Start of DATA EXTRACTS
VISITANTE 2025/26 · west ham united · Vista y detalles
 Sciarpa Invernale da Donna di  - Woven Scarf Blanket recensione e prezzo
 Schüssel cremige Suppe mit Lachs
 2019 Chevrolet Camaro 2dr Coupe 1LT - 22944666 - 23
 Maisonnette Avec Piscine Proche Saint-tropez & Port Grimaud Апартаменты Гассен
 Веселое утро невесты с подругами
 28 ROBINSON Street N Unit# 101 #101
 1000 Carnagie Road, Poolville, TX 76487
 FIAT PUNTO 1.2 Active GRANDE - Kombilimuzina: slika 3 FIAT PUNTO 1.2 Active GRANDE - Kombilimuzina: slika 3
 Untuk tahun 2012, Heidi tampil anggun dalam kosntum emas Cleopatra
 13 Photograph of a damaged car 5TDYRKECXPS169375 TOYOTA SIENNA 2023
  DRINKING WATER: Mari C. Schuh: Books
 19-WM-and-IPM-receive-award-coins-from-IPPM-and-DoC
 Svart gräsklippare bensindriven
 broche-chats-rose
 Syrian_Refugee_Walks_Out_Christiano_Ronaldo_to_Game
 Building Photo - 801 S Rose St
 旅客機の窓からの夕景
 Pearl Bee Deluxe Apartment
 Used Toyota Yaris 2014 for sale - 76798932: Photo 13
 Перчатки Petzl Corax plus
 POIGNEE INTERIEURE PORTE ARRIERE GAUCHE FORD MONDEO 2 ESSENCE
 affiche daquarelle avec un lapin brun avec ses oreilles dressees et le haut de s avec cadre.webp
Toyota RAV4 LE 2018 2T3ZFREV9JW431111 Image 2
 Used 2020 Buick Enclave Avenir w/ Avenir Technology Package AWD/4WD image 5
End of DATA EXTRACTS
:: WHAT YOU SHOULD DO ::
Looking at the data above, return every line from the one with "Schüssel cremige Suppe mit Lachs" down to the one with "broche-chats-rose", exactly and inclusively.

:: PROBLEM SOLUTION ::
 Schüssel cremige Suppe mit Lachs
 2019 Chevrolet Camaro 2dr Coupe 1LT - 22944666 - 23
 Maisonnette Avec Piscine Proche Saint-tropez & Port Grimaud Апартаменты Гассен
 Веселое утро невесты с подругами
 28 ROBINSON Street N Unit# 101 #101
 1000 Carnagie Road, Poolville, TX 76487
 FIAT PUNTO 1.2 Active GRANDE - Kombilimuzina: slika 3 FIAT PUNTO 1.2 Active GRANDE - Kombilimuzina: slika 3
 Untuk tahun 2012, Heidi tampil anggun dalam kosntum emas Cleopatra
 13 Photograph of a damaged car 5TDYRKECXPS169375 TOYOTA SIENNA 2023
  DRINKING WATER: Mari C. Schuh: Books
 19-WM-and-IPM-receive-award-coins-from-IPPM-and-DoC
 Svart gräsklippare bensindriven
 broche-chats-rose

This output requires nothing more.